Recommandations Suivies
Assurer un meilleur équilibre entre le respect des contraintes de la chasse et la nécessité d’ouvrir la forêt le plus largement possible au public. Non
Définir à l’intérieur du domaine de Chambord des limites précises entre le domaine public et le domaine privé. Non
Clarifier les relations entre la commune et l’Etablissement sur la base d’une convention de longue durée. Non.
Mais c’est en débat actuellement. Certains parlementaires pensent même que la commune de Chambord devrait disparaître et fusionner avec une commune voisine.
Pourtant le Sénat avait voté une clarification sur ce sujet, qui n’a pas été suivie d’effet à l’Assemblée nationale.

Conclusion

De tous les éléments abordés par la Cour des comptes, seules les recommandations portant sur les grands chantiers culturels ont connu un suivi positif. – Les cinq autres sujets n’ont connu aucun suivi : ils sont à 0% !

La Cour doit être habituée à ce défaut d’écoute quant à ses recommandations en matière culturelle.

Au début de l’année 2014, la France a eu à subir les manifestations des intermittents du spectacle ; celles-ci coïncidant – toujours avec le renouvellement de signature de convention avec l’Unédic*2. Il est vrai qu’en ce début d’année, le taux de cotisation pour l’assurance chômage a été relevé.
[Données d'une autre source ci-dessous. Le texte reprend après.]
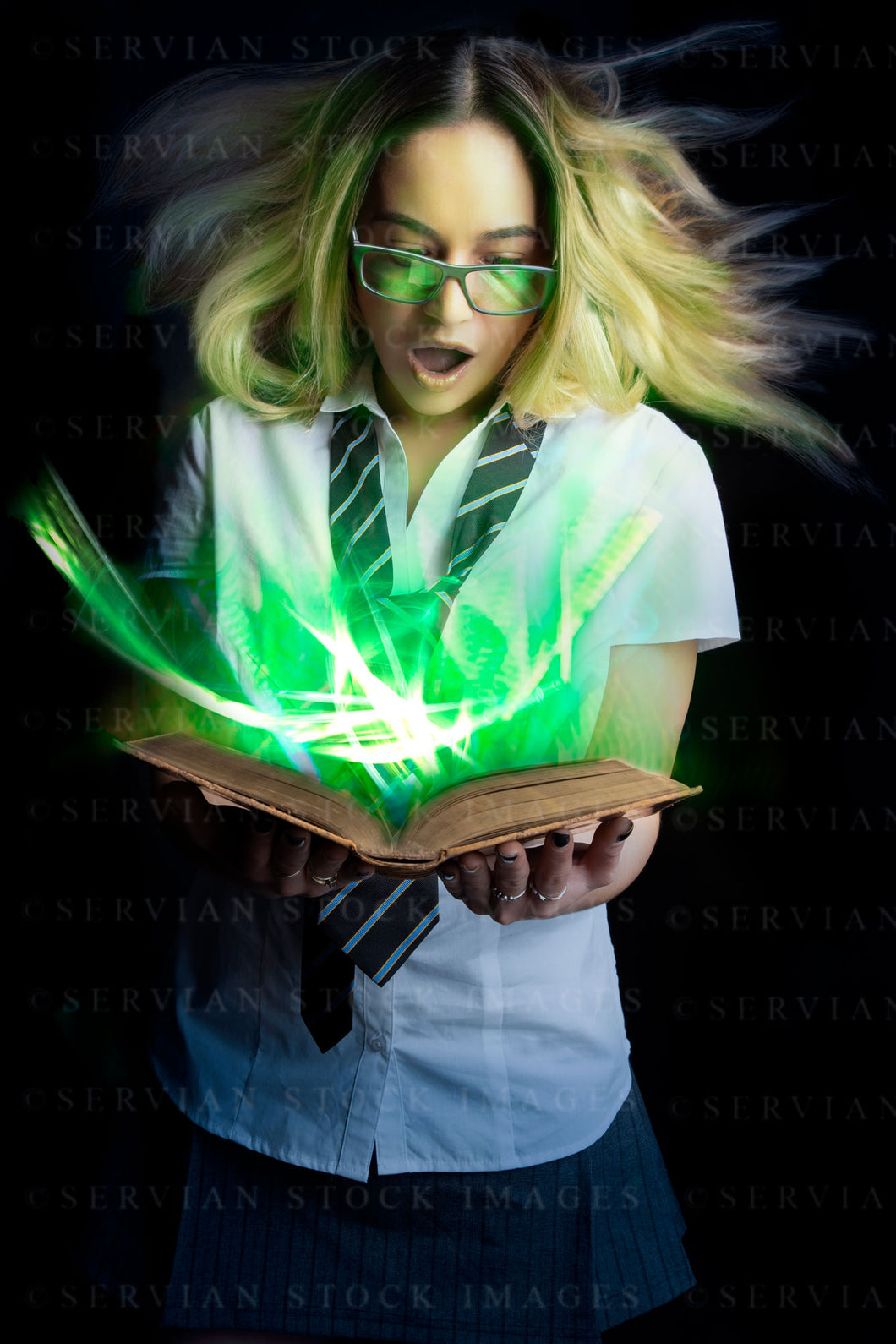 Schoolgirl reading a magic book (Jordarn 0360)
En 2003, en 2009 et en 2013, la Cour avait émis les mêmes recommandations, jamais suivies, au sujet du statut des intermittents du spectacle, notamment en vue de résoudre :

1. le creusement du déficit, dû à diverses raisons notamment à un accroissement du nombre d’intermittents indemnisés (41 000 en 1991 et 107 000 en 2010 !). Le déficit du régime représente maintenant 31% du déficit total de l’assurance chômage, alors que les intermittents du spectacle ne représentent qu’à peine 4% des demandeurs d’emplois !!

2. le défaut de lutte contre la fraude, notamment dû à un manque de transparence.

De plus, l’allocation dans ce système semble prendre la forme d’un complément de salaire avec le CDD d’usage ; les employeurs reportent donc une partie du salaire sur le poids de l’Unédic ; l’audiovisuel public, en tant qu’employeur, est également concerné.

En matière de culture, les dossiers s’accumulent et les recommandations non suivies de la Cour des comptes s’empilent année après année.